I’ll be attending an intensive ‘Artist’s Bootcamp’ in Spain in a few months with several amazing artists leading workshops. One artist’s work and words resonate with me, Edward Povey. On his Instagram page, he shared a post stating that an artwork begins by finding something fascinating and interesting. Something that piques curiosity and needs to be explored. The day that I read it, I was on my way to the desert to do a bit of hiking and sketching. I’ve been feeling void of direction and inspiration, and his words were exactly what I needed in that moment. I expressed this in a comment on his page, and he replied, “That is just wonderful, Karrie! I suspect that the desert is the perfect place for visions and dreams and nightmares and hallucinations, all of which are the stuff of the world that we hear at night, tapping on the other side of our bedroom wall.”
I sat on a chunk of granite on an exposed mountain and wrote, while gusts of sand blew up the mountainside. “These desert winds are the emotions of the ethereal; swirling, pausing, raging. The air is tangible with djins and spirits. Bellicosely hurling grains of sand through my hair, my clothes, my soul… scouring and exposing. This, Mr. Povey, is indeed where they live. I’m here to connect with this current without being swept over a ledge by it. I balance and hunker and hold on desperately to my hat lest it be stolen in a gust of passion or mischievousness. The things that hide in the safety of darkness in the human psyche have no need to hide here. They frolic in the blinding white sun, pure and bare and uninhibited. In the vast expansive desert, there is nothing to hide from and nowhere to hide.

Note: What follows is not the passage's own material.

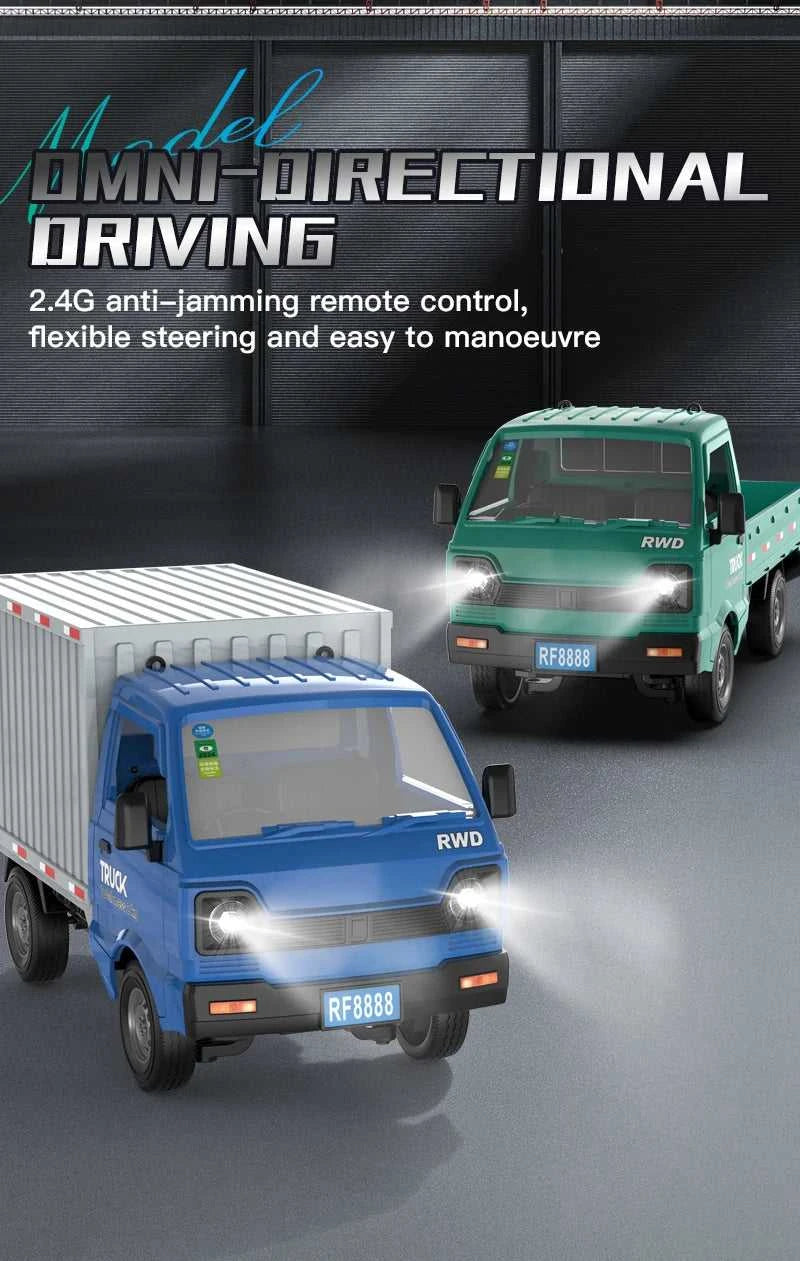 RC Truck 1:16 2.4GHZ RC Car Simulation Drift Climbing Truck With Spray and LED Lights RC Electric Truck Model Boy's Toys Gifts The jack market .AU The jack market .AU Little Wonders $ 82 14:193#A Blue car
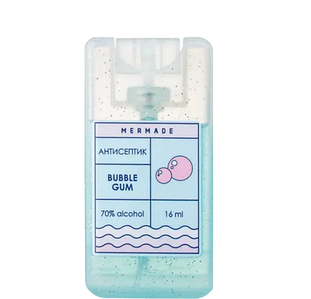 Антисептик-спрей для рук Mermade Bubble Gum парфумований 16 мл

I’ve been coming to this mountainside for many years, to this same silent space. On this day I sat on the same rock for almost an hour. As in past years, a pair of ravens spotted me and approached, circling above in curiosity. In this completely barren landscape, I am as unusual to them as they are to me. We share the same existence for a moment, being rare movement in the nothingness. The blackness of their graceful bodies contrasts with the pale blue sky. Little pockets of shadow gliding between me and the sun. Messengers, desert spirits, or totems, their presence is powerful and comforting. They eventually move on.